The bomb went off under a police car outside an administrative building in Sanguesa, Navarre province.

Doctors were forced to amputate the legs of the injured officer. A passing civilian was also hurt.

"ETA has murdered once again," the deputy prime minister, Mariano Rajoy, said. He vowed to use "all means at our disposal" to fight the group and the politicians linked to it.

Jose Maria Aznar, the prime minister, called off a trip to St Petersburg for a Russian-European Union summit.

ETA often uses car bombs in its campaign. Its attacks have killed more than 800 people since the late 1960s.

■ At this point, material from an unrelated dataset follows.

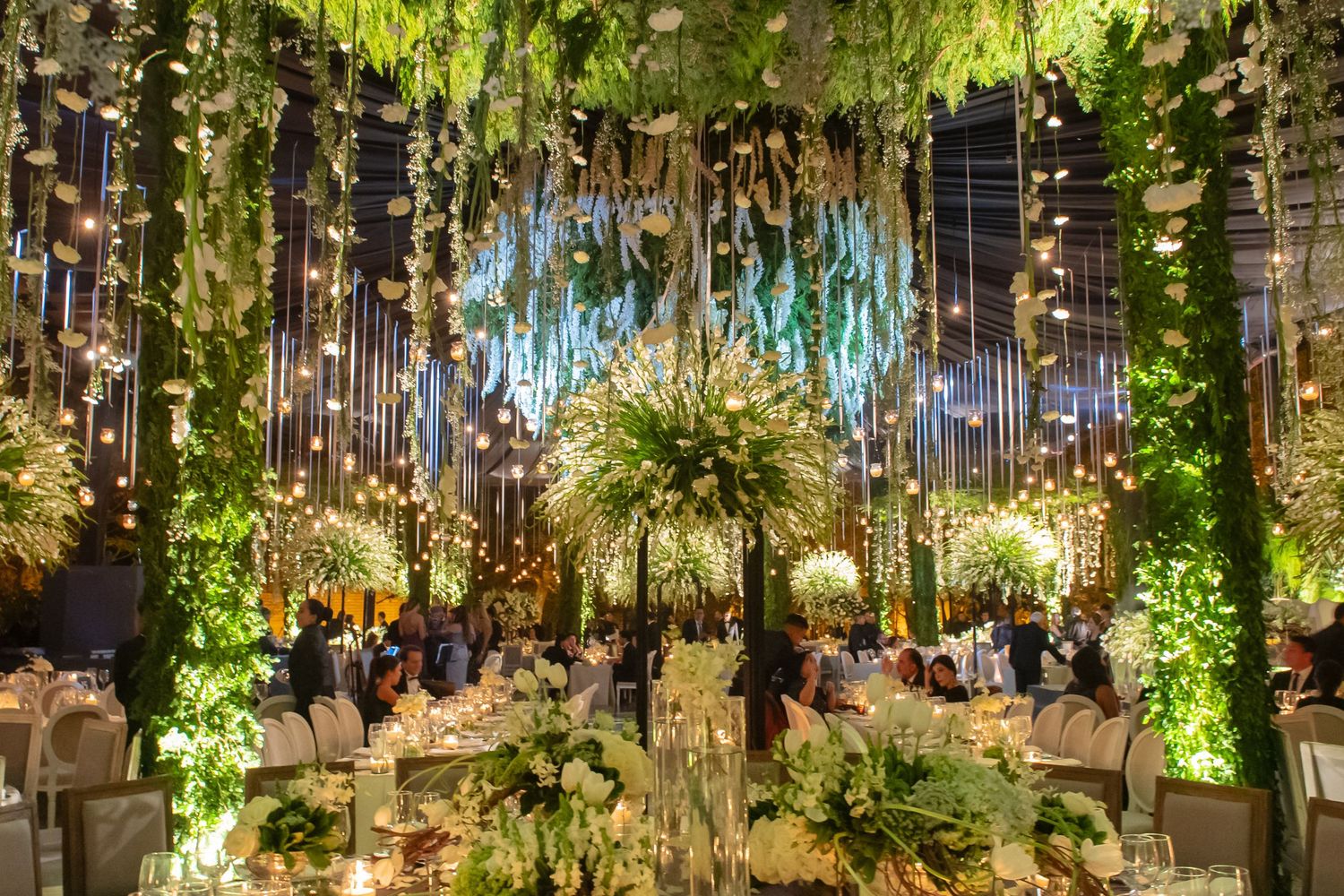 Enchanted forest-themed event space with hanging greenery and ambient lighting creating a magical atmosphere.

The police attacked yesterday had entered a local government building in Sanguesa to do administrative tasks. When they came out and got into their Citron car, a bomb under it detonated, officials said.

It was not clear if the device was attached to the car or placed under it while the police officers were in the building. The explosion came five days after Basque local elections in which hundreds of pro- independence candidates allegedly linked to ETA’s outlawed political wing were barred from running.

No immediate claim of responsibility for the bombing was made. ETA usually takes weeks to claim responsibility for attacks.

Navarre borders the troubled Basque region and is home to many Basque nationalists. Sanguesa is 20 miles south-east of Pamplona.

The last attack blamed on ETA was the 8 February shooting of a police chief in the Basque town of Andoiain.

The halt in violence had led to speculation ETA might be observing a truce as in 1998. But two weeks ago hooded men calling themselves ETA members said in a video on Basque TV the fight would go on.